● Task description:
Each line below must be reproduced exactly, though the pictures are to be dropped.

● Provided material:
▼▼▼

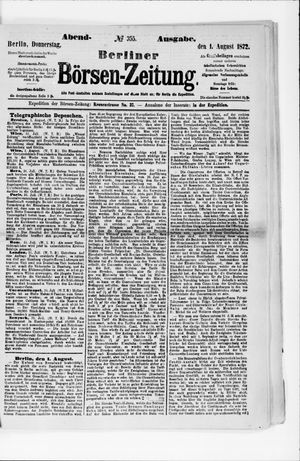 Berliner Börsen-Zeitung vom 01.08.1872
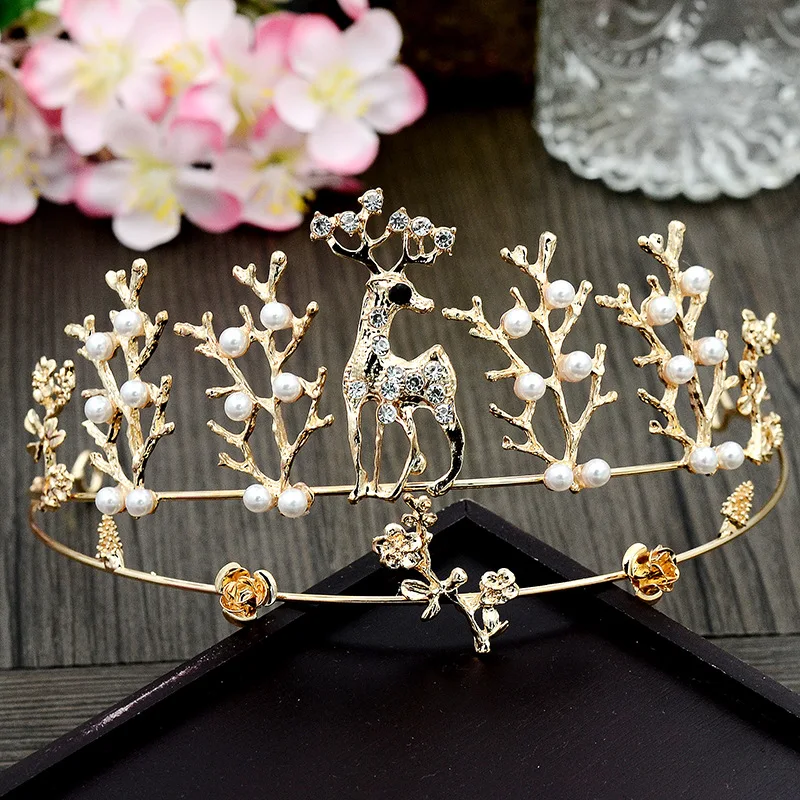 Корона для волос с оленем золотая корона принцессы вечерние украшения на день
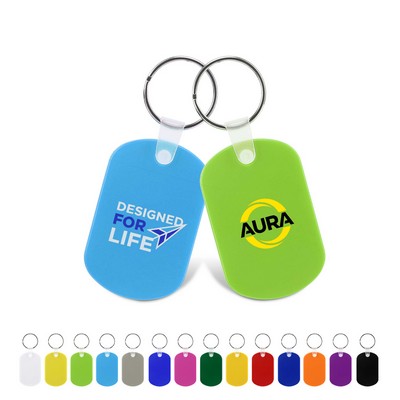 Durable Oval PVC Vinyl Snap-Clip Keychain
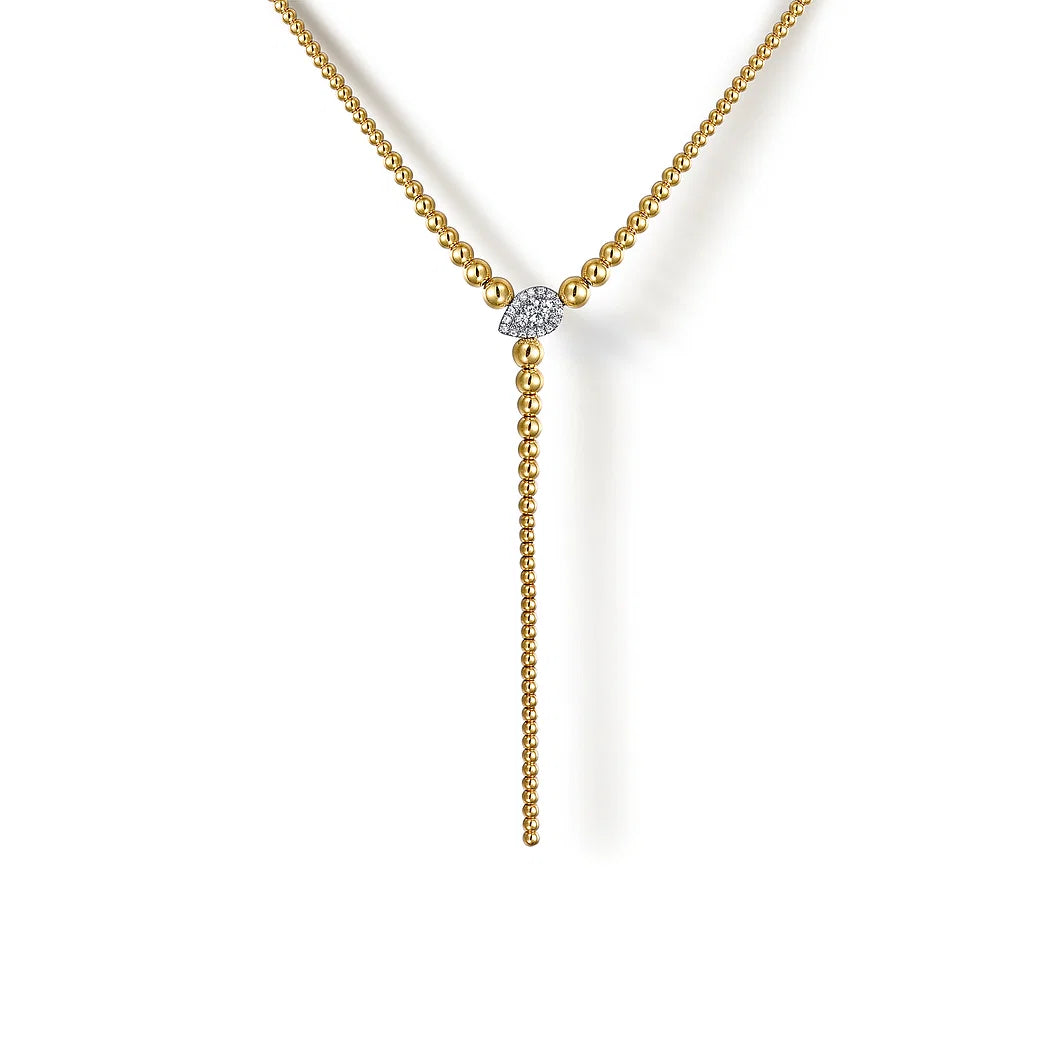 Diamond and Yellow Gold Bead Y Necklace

▲▲▲

● Answer area:
 Berliner Börsen-Zeitung vom 01.08.1872
 Корона для волос с оленем золотая корона принцессы вечерние украшения на день
 Durable Oval PVC Vinyl Snap-Clip Keychain
 Diamond and Yellow Gold Bead Y Necklace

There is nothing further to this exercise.